An insulating material 552 having a thermal conductance less than the first material and/or the second material is positioned within the thermal cavity 528 and the sash thermal cavity 550. For example, the insulating material 552 may have a thermal conductance in a range of about 0.21 British thermal units per hour square feet degrees Fahrenheit (Btu/(hr·ft²·° F.)) to about 0.840 Btu/(hr·ft²·° F.). The insulating material 552 substantially fills the thermal cavity 528 and extends between portions of the frame 506 including the first material and/or the second material to reduce heat transfer through the window. In other embodiments, the window 500 may include any insulating material 552 that enables the window to operate as described.

In reference to FIGS. 20 and 21-D, a method 600 of assembling the window 500 includes aligning 626 the thermal cavity 528 and the pocket 512 such that the central plane 514 of the thermal cavity extends through the pocket. Accordingly, the thermal cavity 528 and the pocket 512 provide a continuous thermal break throughout the window 500 to inhibit heat transfer through the window. In some embodiments, extrusions for the frame 506 are designed to provide alignment of the thermal cavity 528 and the pocket 512. In other embodiments, the thermal cavity 528 and the pocket 512 may be aligned in any manner that enables the window 500 to operate as described.

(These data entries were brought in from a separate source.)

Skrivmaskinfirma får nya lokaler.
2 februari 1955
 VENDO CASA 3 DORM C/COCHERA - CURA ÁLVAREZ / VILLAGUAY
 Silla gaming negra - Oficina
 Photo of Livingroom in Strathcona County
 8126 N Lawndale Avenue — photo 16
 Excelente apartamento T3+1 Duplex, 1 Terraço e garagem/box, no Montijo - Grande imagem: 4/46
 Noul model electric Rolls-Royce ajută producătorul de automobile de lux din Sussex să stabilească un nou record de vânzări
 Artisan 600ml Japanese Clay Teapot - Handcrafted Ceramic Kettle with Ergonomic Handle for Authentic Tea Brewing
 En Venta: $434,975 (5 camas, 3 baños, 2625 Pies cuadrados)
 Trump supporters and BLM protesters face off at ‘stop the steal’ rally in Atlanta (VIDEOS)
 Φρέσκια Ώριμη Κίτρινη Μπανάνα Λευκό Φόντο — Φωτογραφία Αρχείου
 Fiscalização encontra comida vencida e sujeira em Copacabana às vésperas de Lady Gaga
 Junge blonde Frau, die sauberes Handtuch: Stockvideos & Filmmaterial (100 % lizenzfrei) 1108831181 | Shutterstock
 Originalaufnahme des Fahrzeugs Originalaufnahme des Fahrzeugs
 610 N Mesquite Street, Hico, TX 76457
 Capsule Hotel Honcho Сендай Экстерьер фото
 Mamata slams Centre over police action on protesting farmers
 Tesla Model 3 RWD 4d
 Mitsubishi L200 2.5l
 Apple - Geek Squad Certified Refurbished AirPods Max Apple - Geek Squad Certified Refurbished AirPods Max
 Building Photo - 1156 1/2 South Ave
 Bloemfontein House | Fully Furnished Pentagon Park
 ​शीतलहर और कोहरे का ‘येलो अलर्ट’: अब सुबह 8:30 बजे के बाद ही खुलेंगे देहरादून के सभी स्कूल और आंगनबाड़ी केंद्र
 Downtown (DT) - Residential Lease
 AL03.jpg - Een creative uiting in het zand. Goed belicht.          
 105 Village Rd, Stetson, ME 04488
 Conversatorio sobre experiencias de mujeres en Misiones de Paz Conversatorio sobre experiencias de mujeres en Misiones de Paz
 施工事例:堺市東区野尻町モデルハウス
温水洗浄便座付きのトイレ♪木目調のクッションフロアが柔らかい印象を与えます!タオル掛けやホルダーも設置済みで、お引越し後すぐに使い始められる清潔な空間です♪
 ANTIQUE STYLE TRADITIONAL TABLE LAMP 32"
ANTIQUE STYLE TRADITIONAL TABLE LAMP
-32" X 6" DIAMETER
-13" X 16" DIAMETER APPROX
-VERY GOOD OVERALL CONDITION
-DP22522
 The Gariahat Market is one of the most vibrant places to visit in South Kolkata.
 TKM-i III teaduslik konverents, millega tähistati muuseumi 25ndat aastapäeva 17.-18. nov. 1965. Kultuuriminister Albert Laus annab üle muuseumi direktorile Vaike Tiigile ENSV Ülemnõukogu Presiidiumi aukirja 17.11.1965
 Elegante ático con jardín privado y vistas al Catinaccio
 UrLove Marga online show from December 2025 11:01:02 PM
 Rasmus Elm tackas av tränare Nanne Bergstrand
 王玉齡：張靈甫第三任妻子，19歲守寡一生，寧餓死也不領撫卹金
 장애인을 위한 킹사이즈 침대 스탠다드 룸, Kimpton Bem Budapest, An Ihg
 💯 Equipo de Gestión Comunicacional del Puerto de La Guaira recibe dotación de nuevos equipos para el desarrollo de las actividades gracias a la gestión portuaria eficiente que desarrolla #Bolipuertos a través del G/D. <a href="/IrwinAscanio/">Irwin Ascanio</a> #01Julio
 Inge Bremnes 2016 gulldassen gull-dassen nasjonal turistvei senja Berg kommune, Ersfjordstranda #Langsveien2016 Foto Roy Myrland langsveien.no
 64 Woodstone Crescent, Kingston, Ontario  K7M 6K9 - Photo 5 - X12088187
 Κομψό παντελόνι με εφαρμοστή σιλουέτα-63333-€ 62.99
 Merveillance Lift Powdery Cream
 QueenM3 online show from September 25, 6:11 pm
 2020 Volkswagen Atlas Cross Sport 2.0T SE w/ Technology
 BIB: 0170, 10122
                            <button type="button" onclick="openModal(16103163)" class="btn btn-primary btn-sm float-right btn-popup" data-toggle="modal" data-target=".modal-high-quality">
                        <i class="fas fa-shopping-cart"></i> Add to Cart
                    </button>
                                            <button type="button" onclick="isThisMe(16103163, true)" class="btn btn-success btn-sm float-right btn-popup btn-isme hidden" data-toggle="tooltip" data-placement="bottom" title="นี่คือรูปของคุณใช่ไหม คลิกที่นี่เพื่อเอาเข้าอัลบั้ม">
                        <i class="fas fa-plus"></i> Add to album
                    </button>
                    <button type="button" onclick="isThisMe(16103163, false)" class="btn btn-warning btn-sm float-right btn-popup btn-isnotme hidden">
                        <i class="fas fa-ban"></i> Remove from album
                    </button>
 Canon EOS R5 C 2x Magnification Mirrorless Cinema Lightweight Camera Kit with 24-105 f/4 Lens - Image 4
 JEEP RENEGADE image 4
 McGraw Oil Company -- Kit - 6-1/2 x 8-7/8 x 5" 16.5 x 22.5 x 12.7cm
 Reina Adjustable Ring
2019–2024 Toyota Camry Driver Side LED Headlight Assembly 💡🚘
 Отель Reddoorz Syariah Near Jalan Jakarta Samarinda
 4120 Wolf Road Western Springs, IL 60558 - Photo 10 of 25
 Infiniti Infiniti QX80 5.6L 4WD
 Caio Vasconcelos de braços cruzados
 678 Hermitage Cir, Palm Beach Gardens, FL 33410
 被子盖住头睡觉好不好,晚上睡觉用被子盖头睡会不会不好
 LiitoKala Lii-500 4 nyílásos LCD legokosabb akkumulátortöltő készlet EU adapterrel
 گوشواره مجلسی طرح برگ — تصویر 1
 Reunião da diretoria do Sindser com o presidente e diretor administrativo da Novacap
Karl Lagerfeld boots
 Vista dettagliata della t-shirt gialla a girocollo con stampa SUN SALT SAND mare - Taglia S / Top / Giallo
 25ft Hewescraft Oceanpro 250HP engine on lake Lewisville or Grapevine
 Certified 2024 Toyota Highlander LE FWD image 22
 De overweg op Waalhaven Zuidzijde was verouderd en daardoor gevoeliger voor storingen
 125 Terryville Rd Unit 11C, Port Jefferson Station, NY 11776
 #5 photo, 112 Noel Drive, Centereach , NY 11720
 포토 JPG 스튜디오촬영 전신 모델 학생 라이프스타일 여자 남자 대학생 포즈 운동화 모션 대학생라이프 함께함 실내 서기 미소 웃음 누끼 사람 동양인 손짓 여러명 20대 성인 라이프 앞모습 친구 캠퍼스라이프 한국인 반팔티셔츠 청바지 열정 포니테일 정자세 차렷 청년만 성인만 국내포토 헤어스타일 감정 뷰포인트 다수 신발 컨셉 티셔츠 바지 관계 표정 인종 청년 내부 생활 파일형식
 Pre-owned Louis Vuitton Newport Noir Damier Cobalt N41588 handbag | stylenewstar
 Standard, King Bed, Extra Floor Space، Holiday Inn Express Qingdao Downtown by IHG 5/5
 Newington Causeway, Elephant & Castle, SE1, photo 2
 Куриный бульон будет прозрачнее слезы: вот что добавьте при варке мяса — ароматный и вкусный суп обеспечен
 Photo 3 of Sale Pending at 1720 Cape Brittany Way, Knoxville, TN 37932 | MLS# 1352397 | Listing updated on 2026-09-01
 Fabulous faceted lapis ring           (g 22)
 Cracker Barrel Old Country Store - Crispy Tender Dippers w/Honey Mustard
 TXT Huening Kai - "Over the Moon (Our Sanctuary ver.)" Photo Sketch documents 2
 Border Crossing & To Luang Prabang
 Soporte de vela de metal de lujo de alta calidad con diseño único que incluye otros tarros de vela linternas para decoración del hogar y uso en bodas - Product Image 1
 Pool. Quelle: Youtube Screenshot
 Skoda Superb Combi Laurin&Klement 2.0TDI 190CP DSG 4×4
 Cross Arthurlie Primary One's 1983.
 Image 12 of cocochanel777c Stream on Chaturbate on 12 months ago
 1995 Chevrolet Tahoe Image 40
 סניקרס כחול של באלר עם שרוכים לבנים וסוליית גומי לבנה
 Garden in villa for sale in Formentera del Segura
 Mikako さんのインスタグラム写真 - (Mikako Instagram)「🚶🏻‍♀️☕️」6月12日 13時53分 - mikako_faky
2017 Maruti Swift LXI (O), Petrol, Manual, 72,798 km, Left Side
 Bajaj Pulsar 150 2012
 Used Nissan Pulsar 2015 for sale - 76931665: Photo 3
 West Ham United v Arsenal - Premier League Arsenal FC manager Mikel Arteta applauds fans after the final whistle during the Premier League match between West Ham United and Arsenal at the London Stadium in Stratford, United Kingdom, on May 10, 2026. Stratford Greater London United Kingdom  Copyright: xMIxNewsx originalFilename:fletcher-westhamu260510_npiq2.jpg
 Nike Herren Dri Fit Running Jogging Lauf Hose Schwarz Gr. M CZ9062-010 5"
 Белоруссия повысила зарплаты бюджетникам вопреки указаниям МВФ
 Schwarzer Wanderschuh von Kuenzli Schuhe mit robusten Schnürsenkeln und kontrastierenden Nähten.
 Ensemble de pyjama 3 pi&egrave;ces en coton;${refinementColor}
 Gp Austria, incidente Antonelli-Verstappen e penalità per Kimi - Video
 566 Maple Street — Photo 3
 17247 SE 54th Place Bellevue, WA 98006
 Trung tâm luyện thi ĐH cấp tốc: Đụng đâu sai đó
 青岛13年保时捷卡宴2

Also, the method includes positioning 601 insulating material 552 in the thermal cavity 528 defined by the frame 506 intermediate the first side 520 and the second side 522. In addition, the method includes fabricating 602 components for the frame 506, the face 540, and the cap 542. For example, the sill 530, the header 532, and the jambs 534 may be cut for the frame 506 from a material such as aluminum. In addition, the sill 530, the header 532, and/or the jambs 534 may be cut for the face 540 and the cap 542 of the cladding 536 from a material such as wood. In other embodiments, the frame 506 may be fabricated in any manner that enables the frame to function as described. In some embodiments, components such as the cap 542 may be omitted.

The frame 506 may be assembled by positioning 604 each corner key 538 into the opening 545 in one of the header 532 and the sill 530 and into the opening 545 in one of the jambs 534 to form corners of the frame. The cladding face 540 may be positioned 606 on the sill 530, the header 532, and the jambs 534. With the corner keys 538 maintaining the frame 506 in position, the sill 530, the header 532, and the jambs 534 may be conveyed 607 into a station and connected 608 at the corners. For example, the corners of the frame 506 may be crimped to secure the sill 530, the header 532, and the jambs 534 together. In addition, the method 600 includes connecting 610 the cladding face 540 to the frame 506. In some embodiments, the cladding face 540 may be secured to the sill 530, the header 532, and the jambs 534 at the same time that the sill 530, the header 532, and the jambs 534 are secured together. The cladding face 540 may be secured using nails. The corners of the frame 506 may be sealed 612 by at least partially filling the openings 545 with sealant. In addition, after the corners are sealed 212, the frame 506 may be removed 613 from the crimping station and conveyed 614 to the next station. The cap 542 may be connected 615 to the face 540 after the face is connected to the frame 506. For example, the frame 506 may be conveyed into a nailer station and the cap 542 nailed to the face. In other embodiments, the frame 506 may be assembled in any suitable manner using, for example and without limitation, adhesives, fasteners, and/or any other suitable attachment means. After, connecting 615 the face, the frame 506 is conveyed 611 out and prepared for glazing and/or hardware attachment.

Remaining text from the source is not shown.